Já por diversas vezes abordei o assunto neste ‘blog’ e, devo sublinhar, sem me socorrer do apoio deste texto para chegar praticamente às mesmas conclusões. Há pelo menos 10 anos na minha biblioteca pessoal, por lá ‘dormia’ (como tantos outros, confesso-o), a aguardar oportunidade. Que aconteceu agora, ao ser atraído para o autor (por referências bibliográficas mais recentes, claro) pelos ‘Ladrões de Bicicletas’. Se refiro isto é apenas para destacar o que, parecendo uma coincidência, é antes o resultado lógico a que chega qualquer pessoa que decida, de forma isenta e objectiva, debruçar-se e reflectir um pouco sobre o assunto. Pois se até eu lá cheguei...
E, já agora, outra ‘curiosa’ coincidência! Depois de afirmar que ‘é perfeitamente legítimo raciocinar sobre a “partilha do trabalho”, (...)’ Husson acrescenta que ‘faz sentido construir um indicador sobre a “duração uniforme de trabalho que garanta o pleno emprego”, que se obtém dividindo o volume de trabalho pela população activa’. Parte, depois, para o cálculo do número de horas semanais que, nas condições produtivas da França de então (o livro, recorde-se, é de 1996), poderiam garantir o pleno emprego, para concluir que ‘será da ordem de 32 horas por semana em 2000’. Há precisamente 1 ano (Abril/09), eu referia aqui que ‘nem sequer se exige imaginação para adiantar propostas que permitam concretizar essa mais que indispensável redistribuição do tempo de trabalho. Afinal, nada disto é inédito: bastaria retomar-se a tendência de redução da ‘jornada’ de trabalho manifestada ao longo da curta história do capitalismo – aprofundada no período keynesiano com as designadas semanas ‘inglesa’ primeiro, ‘americana’ depois; interrompida com o advento do neoliberalismo de Teatcher e Reagan – agora, por hipótese, para as 30 horas semanais (passível de múltiplas variantes)’. Tratava-se apenas de uma ‘hipótese’, claro, mas... não andei muito longe!
Os mecanismos de decisão que comandam a realidade social não se regem pela lógica da razão, apenas pela força dos interesses (esta é a única objectividade admitida).

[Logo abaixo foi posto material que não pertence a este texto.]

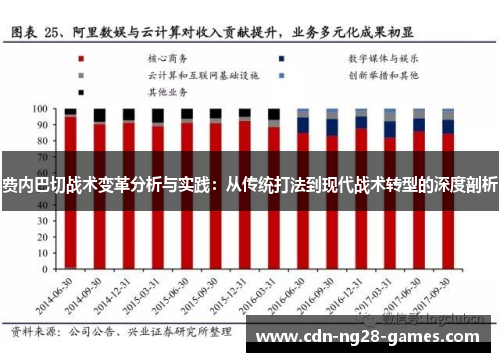 费内巴切战术变革分析与实践：从传统打法到现代战术转型的深度剖析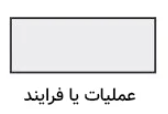 مستطیل– فرآیند یا عملیات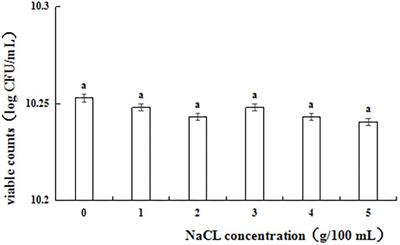 Probiotic Properties of Lactobacillus paracasei subsp. paracasei L1 and Its Growth Performance-Promotion in Chicken by Improving the Intestinal Microflora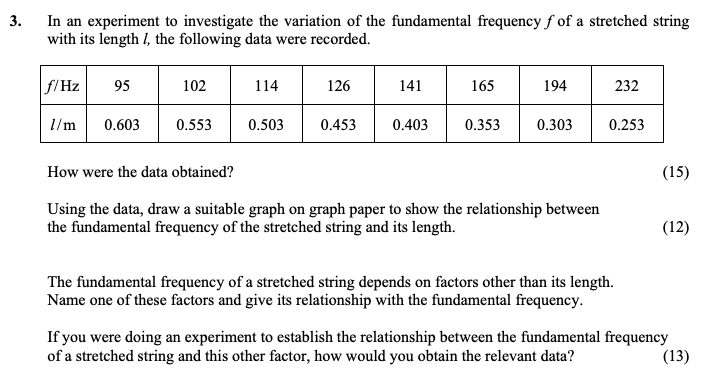 In-an-experiment-to-investigate-the-variation-of-the-fundamental-frequency-f-of-a-stretched-string-with-its-length-l,-the-following-data-were-recorded-Leaving Cert Physics-Question 3-2012.png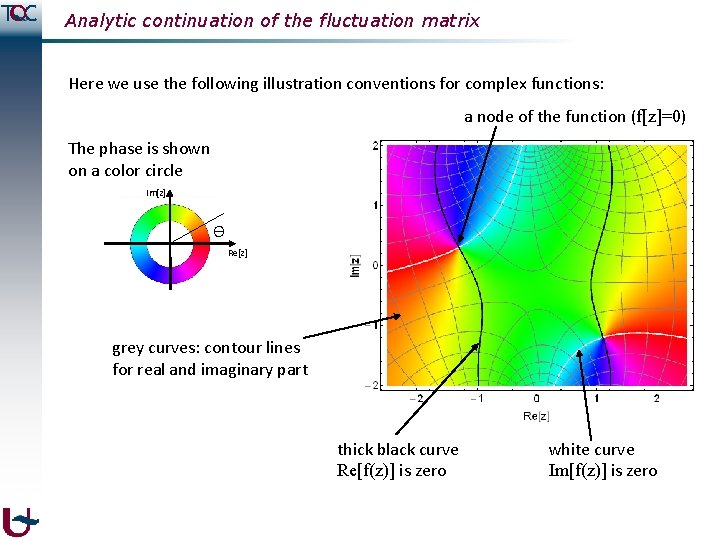 Analytic continuation of the fluctuation matrix Here we use the following illustration conventions for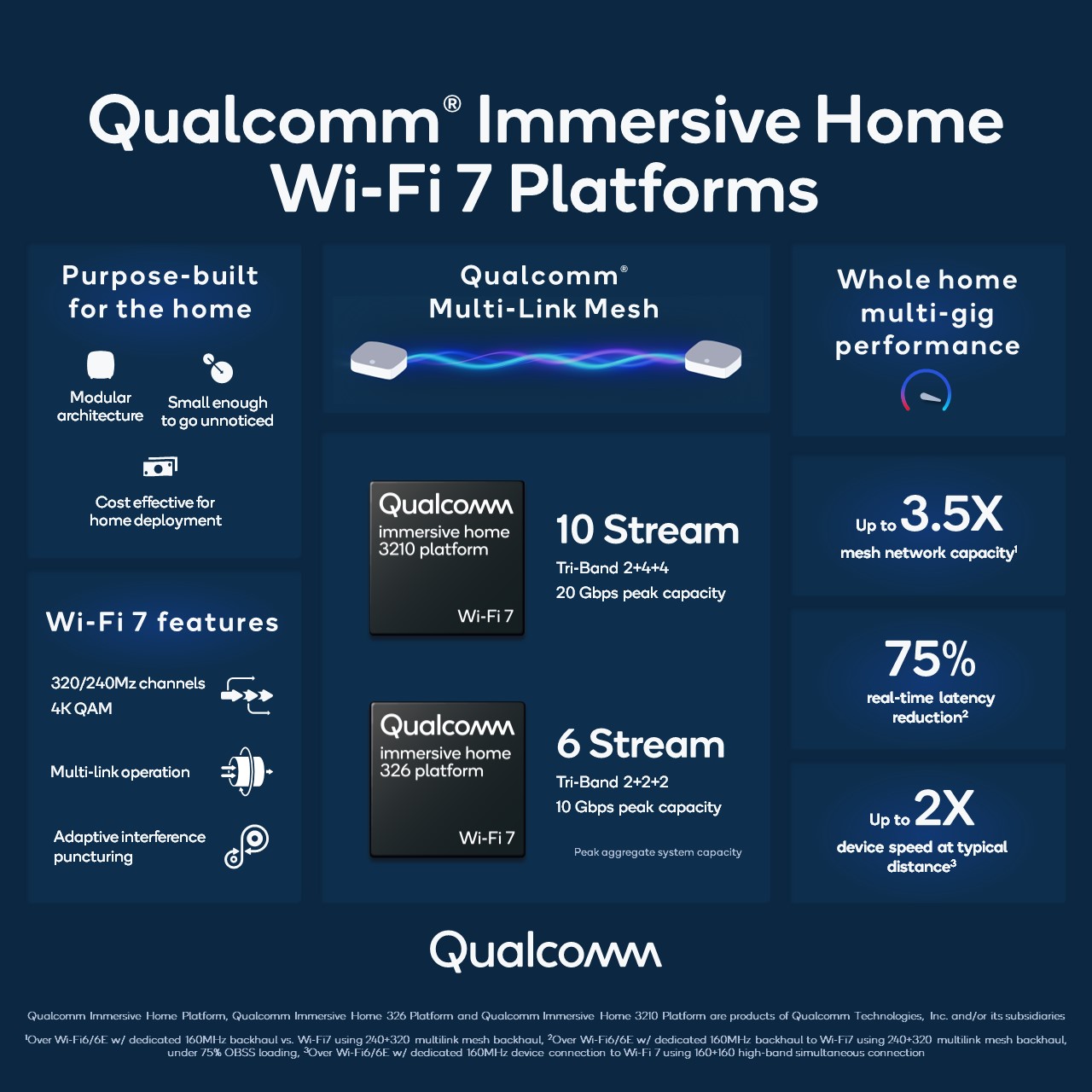 New Qualcomm Immersive Home Platforms set to revolutionize home networking with Wi-Fi 7 Qualcomm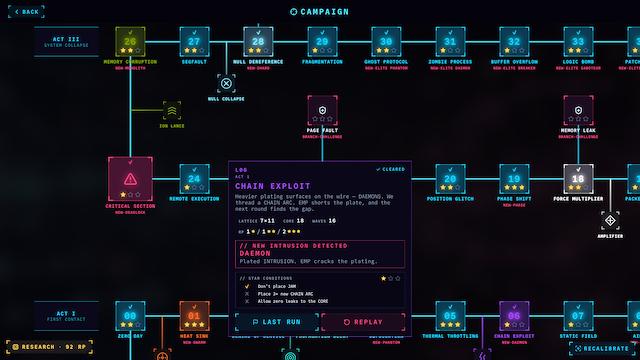 Image for the game Circuit Keep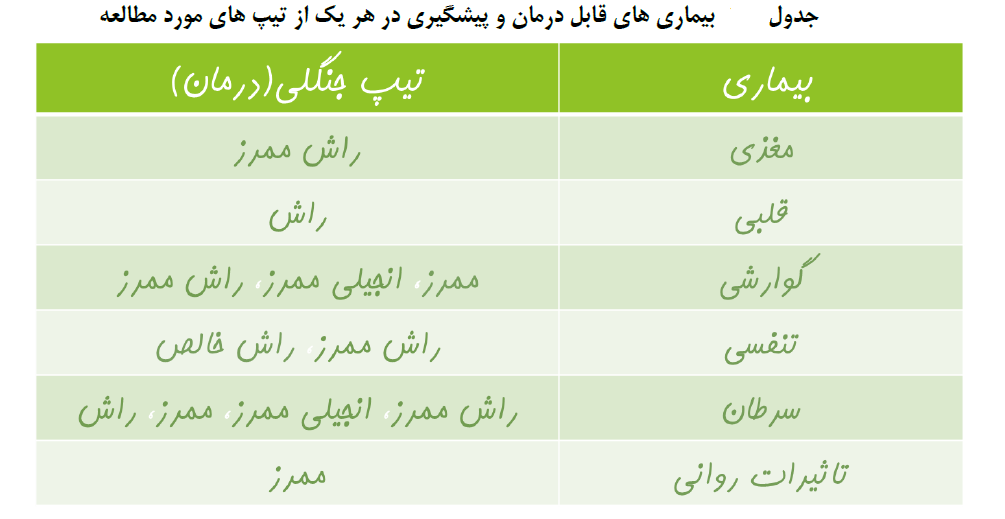 درمان و پیش گیری از بیماری‌ها توسط اکوسیستم طبیعی جنگل
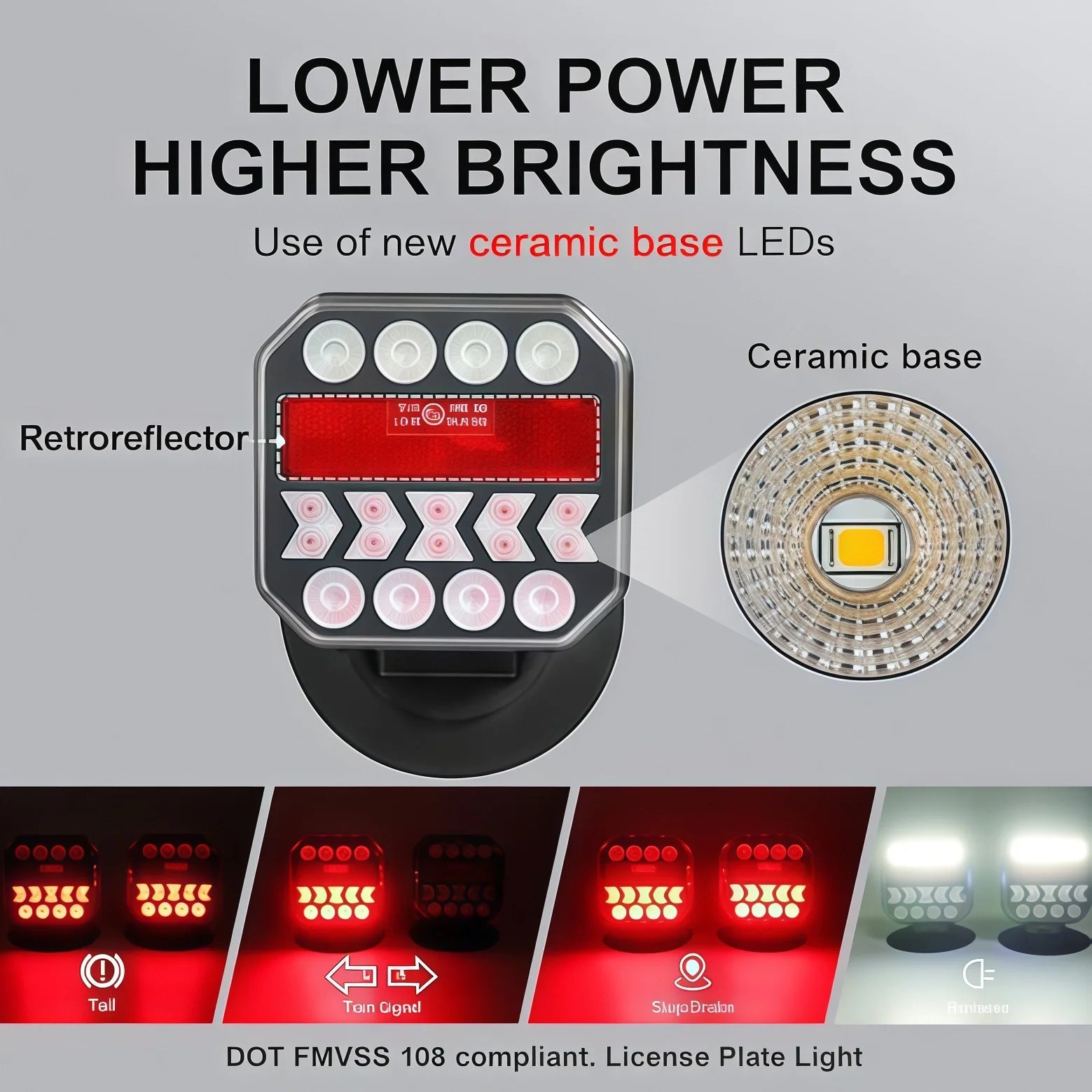 Torkrig Magnetic Wireless Trailer Lights Kit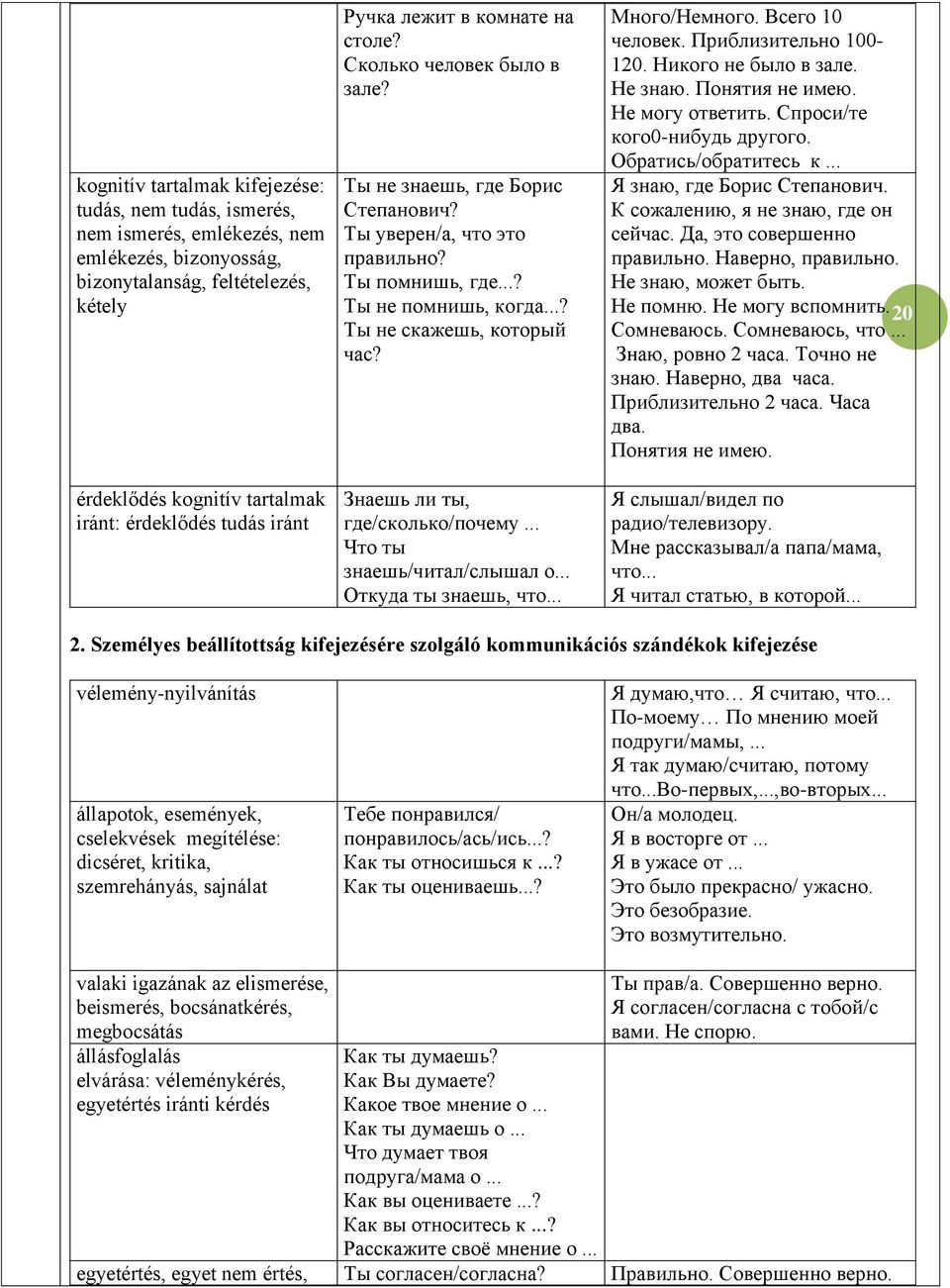 ..? Ты не скажешь, который час? Знаешь ли ты, где/сколько/почему... Что ты знаешь/читал/слышал о... Откуда ты знаешь, что... Много/Немного. Всего 10 человек. Приблизительно 100-120.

Mas é exactamente no emaranhado complexo dos interesses que se deve procurar a explicação para os aparentes bloqueios que infernizam a vida das pessoas. Também por isso, continuar a seguir este texto de M. Husson afigura-se um exercício útil e muito actual, tanto mais que os cálculos a que procede têm o mérito de desmontar tecnicamente os estafados argumentos neoliberais escudados na produtividade, competitividade, contexto europeu,... E com ele concluir que, afinal, tudo se reduz a uma ‘opção de sociedade fundamental’, pois ‘a questão não é tanto saber se é necessário ou não reduzir o tempo de trabalho, mas saber como se fará esta redução: seja de maneira discriminatória, privando alguns de um pleno acesso ao emprego, e particularmente as mulheres, remetidas ao tempo parcial, seja, pelo contrário, repartindo de maneira igualitária os benefícios de uma progressão global da produtividade’.